Table of Contents
Fetching ...

Unleashing the Power of Generic Segmentation Models: A Simple Baseline for Infrared Small Target Detection

Mingjin Zhang, Chi Zhang, Qiming Zhang, Yunsong Li, Xinbo Gao, Jing Zhang

TL;DR

This paper addresses infrared small target detection (IRSTD) by bridging IRSTD with generic segmentation models. It investigates the Segment Anything Model (SAM) and derivatives, finding they can match state-of-the-art IRSTD performance but are prone to overfitting when finetuned on IRSTD data. The authors propose a simple, distilled baseline that transfers knowledge from Semantic-SAM to a lightweight RepViT-based encoder, augmented with a tiny FPN and a novel dense-sparse query design for multi-scale feature fusion. Through distillation and cross-level interactions, the method achieves state-of-the-art results across four IRSTD datasets, notably improving IoU by substantial margins on NUDT and IRSTD1k, while maintaining high throughput. The work demonstrates the practical viability of leveraging generic segmentation foundations for IRSTD and provides code and models for reproducibility and further research.

Abstract

Recent advancements in deep learning have greatly advanced the field of infrared small object detection (IRSTD). Despite their remarkable success, a notable gap persists between these IRSTD methods and generic segmentation approaches in natural image domains. This gap primarily arises from the significant modality differences and the limited availability of infrared data. In this study, we aim to bridge this divergence by investigating the adaptation of generic segmentation models, such as the Segment Anything Model (SAM), to IRSTD tasks. Our investigation reveals that many generic segmentation models can achieve comparable performance to state-of-the-art IRSTD methods. However, their full potential in IRSTD remains untapped. To address this, we propose a simple, lightweight, yet effective baseline model for segmenting small infrared objects. Through appropriate distillation strategies, we empower smaller student models to outperform state-of-the-art methods, even surpassing fine-tuned teacher results. Furthermore, we enhance the model's performance by introducing a novel query design comprising dense and sparse queries to effectively encode multi-scale features. Through extensive experimentation across four popular IRSTD datasets, our model demonstrates significantly improved performance in both accuracy and throughput compared to existing approaches, surpassing SAM and Semantic-SAM by over 14 IoU on NUDT and 4 IoU on IRSTD1k. The source code and models will be released at https://github.com/O937-blip/SimIR.
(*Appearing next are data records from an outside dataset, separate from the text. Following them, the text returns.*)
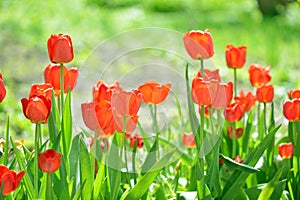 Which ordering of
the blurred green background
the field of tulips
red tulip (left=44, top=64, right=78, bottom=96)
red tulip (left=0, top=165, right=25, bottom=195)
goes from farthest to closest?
the blurred green background < red tulip (left=44, top=64, right=78, bottom=96) < the field of tulips < red tulip (left=0, top=165, right=25, bottom=195)

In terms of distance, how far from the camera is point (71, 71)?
7.13 feet

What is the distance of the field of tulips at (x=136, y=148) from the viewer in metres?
1.91

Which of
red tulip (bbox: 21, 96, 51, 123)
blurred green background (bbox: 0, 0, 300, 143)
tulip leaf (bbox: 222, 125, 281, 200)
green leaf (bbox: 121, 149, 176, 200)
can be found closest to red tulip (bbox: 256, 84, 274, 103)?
tulip leaf (bbox: 222, 125, 281, 200)

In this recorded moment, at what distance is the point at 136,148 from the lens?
2.26 metres

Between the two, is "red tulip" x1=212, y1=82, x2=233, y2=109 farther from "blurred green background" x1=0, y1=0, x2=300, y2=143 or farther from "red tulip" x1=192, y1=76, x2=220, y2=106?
"blurred green background" x1=0, y1=0, x2=300, y2=143

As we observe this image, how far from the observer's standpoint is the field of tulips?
1.91 metres

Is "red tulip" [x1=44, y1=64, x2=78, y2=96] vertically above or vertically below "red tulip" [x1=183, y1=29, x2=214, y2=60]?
below

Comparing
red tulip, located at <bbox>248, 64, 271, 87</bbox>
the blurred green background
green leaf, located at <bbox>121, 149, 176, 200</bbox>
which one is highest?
the blurred green background

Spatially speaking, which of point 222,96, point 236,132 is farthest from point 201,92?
point 236,132

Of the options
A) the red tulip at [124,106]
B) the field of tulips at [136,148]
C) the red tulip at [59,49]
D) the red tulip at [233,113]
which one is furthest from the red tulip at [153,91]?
the red tulip at [233,113]

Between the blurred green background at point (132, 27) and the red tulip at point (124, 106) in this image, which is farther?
the blurred green background at point (132, 27)

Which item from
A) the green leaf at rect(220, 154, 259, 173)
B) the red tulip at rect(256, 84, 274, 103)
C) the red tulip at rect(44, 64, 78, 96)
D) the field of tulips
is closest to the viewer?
the field of tulips

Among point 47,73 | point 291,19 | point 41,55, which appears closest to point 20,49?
point 41,55

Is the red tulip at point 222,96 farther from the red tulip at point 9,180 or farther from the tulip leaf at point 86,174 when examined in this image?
the red tulip at point 9,180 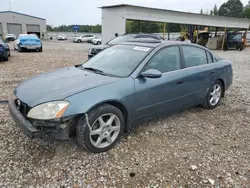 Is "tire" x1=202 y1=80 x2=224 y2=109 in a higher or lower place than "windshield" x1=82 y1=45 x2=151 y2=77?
lower

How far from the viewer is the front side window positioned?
320 cm

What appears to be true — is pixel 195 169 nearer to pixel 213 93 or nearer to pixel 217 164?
pixel 217 164

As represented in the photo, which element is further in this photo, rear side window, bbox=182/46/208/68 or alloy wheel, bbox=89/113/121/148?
rear side window, bbox=182/46/208/68

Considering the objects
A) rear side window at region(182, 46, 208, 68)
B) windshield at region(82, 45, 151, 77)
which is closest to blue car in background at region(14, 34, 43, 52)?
windshield at region(82, 45, 151, 77)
Unleashing the Power of Generic Segmentation Models: A Simple Baseline for Infrared Small Target Detection

TL;DR

This paper addresses infrared small target detection (IRSTD) by bridging IRSTD with generic segmentation models. It investigates the Segment Anything Model (SAM) and derivatives, finding they can match state-of-the-art IRSTD performance but are prone to overfitting when finetuned on IRSTD data. The authors propose a simple, distilled baseline that transfers knowledge from Semantic-SAM to a lightweight RepViT-based encoder, augmented with a tiny FPN and a novel dense-sparse query design for multi-scale feature fusion. Through distillation and cross-level interactions, the method achieves state-of-the-art results across four IRSTD datasets, notably improving IoU by substantial margins on NUDT and IRSTD1k, while maintaining high throughput. The work demonstrates the practical viability of leveraging generic segmentation foundations for IRSTD and provides code and models for reproducibility and further research.

Abstract

Recent advancements in deep learning have greatly advanced the field of infrared small object detection (IRSTD). Despite their remarkable success, a notable gap persists between these IRSTD methods and generic segmentation approaches in natural image domains. This gap primarily arises from the significant modality differences and the limited availability of infrared data. In this study, we aim to bridge this divergence by investigating the adaptation of generic segmentation models, such as the Segment Anything Model (SAM), to IRSTD tasks. Our investigation reveals that many generic segmentation models can achieve comparable performance to state-of-the-art IRSTD methods. However, their full potential in IRSTD remains untapped. To address this, we propose a simple, lightweight, yet effective baseline model for segmenting small infrared objects. Through appropriate distillation strategies, we empower smaller student models to outperform state-of-the-art methods, even surpassing fine-tuned teacher results. Furthermore, we enhance the model's performance by introducing a novel query design comprising dense and sparse queries to effectively encode multi-scale features. Through extensive experimentation across four popular IRSTD datasets, our model demonstrates significantly improved performance in both accuracy and throughput compared to existing approaches, surpassing SAM and Semantic-SAM by over 14 IoU on NUDT and 4 IoU on IRSTD1k. The source code and models will be released at https://github.com/O937-blip/SimIR.
Paper Structure (26 sections, 3 equations, 5 figures, 2 tables, 1 algorithm)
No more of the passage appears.